Девятый век — древние времена даже для составителя начальной летописи. О Рюрике и его братьях, об Аскольде и Дире, об основании Киева он повествует на основе легенд. Летописец — придворный киевского князя — напоминает о временах пращуров, живших во владениях Афета, третьего сына самого Ноя: «В афетовой части сидят Русь, Чудь, Весь, Меря, Мурома, Мордва, Заволочская Русь».
Живут эти начальные люди родами, а каждый род состоит из родичей, объединенных, как пчелиный рой, трудом, охотой, защитой от зверей. Обитают люди в деревянных городах, обнесенных тыном. Городища дремлют над реками, обитатели их добывают дичь, рыбу, мед диких пчел, долбят лодки, ладят оружие, ведут обменный торг с соседними племенами, те — с другими, а тянется мирная человеческая цепь по синим рекам, до далеких морей. Восстание рода на род несет разоренье, и голод, и гибель. Поэтому картина сочетает покой лунной ночи, спящего леса, человеческого селения, вставшего на крутояре над тихой ночной рекой, и тревогу этой ночи, огромного леса, маленького селения, затаившегося над темными омутами.
Острый рог месяца выглядывает из-за деревянных строений. По реке к городищу направляется узкая лодка-однодеревка. Корма лодки, часть весла срезаны нижней рамой, кажется, лодка только что вплыла в картину и с усилием идет вверх против течения, разрезая тяжелую ночную воду. Гребет молодой человек — сильные руки уверенно держат рукоять весла, длинные волосы падают на первобытную одежду-шкуру. Однако из-под шкуры белеет подол и рукава домотканой рубахи, и золотится у пояса нож, вымененный, может быть, в соседнем роде, куда он тоже попал от иных, дальних людей.
Гребец стоит привычно спокойно, поэтому мы особенно чувствуем, как шатка лодка, выдолбленная из одного ствола (потому и называется — однодеревка). Гребец — удивительно точно это увидено и передано молодым художником — ведет лодку не прямо к городищу, наперерез течению, поперек картины, но посылает ее против течения, держит выше городища, потому что только так можно преодолеть движение реки.
Молодой гребец — средоточие усилия, устремления вперед, к Роду, который нужно предупредить об опасности, поднять на защиту. Но стоит он спиной к нам, зрителям, лица его не видно.
Поэтому так притягивает, так заставляет всматриваться в ночную мглу лицо старика, который сидит на дне лодки и смотрит — вроде бы прямо нам в глаза и в то же время мимо нас, в оставшиеся за кормой великие леса, где бьются восставшие роды.

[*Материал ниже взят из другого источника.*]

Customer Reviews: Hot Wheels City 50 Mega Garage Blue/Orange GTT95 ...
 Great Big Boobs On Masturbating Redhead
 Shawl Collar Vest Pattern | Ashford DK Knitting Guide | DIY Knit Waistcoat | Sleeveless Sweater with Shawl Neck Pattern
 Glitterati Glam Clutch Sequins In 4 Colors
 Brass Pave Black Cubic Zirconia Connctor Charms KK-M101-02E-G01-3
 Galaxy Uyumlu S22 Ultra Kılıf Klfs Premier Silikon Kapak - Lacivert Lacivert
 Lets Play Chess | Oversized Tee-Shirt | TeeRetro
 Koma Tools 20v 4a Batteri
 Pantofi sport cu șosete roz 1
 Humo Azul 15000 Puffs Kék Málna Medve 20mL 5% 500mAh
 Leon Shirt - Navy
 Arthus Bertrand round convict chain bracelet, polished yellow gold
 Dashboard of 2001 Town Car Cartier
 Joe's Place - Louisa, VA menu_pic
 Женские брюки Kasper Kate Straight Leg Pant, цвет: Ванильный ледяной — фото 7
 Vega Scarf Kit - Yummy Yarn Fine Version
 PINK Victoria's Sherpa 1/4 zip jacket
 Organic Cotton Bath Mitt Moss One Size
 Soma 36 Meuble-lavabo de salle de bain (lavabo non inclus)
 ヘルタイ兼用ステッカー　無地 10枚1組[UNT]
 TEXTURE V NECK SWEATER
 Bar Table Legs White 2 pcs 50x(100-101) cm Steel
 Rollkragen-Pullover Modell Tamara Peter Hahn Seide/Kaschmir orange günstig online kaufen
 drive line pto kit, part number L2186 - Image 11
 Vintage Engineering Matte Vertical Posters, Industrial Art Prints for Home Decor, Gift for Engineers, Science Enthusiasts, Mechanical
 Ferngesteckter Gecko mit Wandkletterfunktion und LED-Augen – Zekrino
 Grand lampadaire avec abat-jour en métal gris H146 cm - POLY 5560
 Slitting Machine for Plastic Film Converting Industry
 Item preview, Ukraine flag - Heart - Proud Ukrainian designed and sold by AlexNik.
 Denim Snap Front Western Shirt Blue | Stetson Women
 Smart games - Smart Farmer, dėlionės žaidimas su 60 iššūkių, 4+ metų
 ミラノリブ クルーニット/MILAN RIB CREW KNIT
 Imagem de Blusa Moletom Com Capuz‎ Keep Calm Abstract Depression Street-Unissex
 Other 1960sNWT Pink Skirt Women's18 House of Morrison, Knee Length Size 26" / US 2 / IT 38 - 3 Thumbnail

Лицо старика значительно самой старостью, опытом, раздумьем; в конце XIX века это лицо воспринимается как простонародное, мужицкое. В летописные времена этот человек мог быть пахарем, бортником, мог быть и старейшиной, то есть старейшим, которому повинуются родичи и который сам прежде всего соблюдает завещанные предками обычаи рода.
Старейшина одет, как все, как любой из родичей, с которыми он провел вместе жизнь, охотился, пировал, отдыхал, хоронил мертвых. Сюжет картины ясен и в то же время не рассказан, не прояснен до конца. Мы не знаем, в какое племя плывет старик — в свое или в чужое — просить помощи погибающим родичам. Но знаем, что он прошел и проплыл десятки немеренных верст, что он тяжко устал и теперь отдыхает, вытянув натруженные ноги, положив руки на колени. И мы понимаем, что, может быть, впервые в жизни человек этот остался один, один должен принять решение за весь род, встать впереди, чтобы увести всех из городища от врага или навстречу врагу.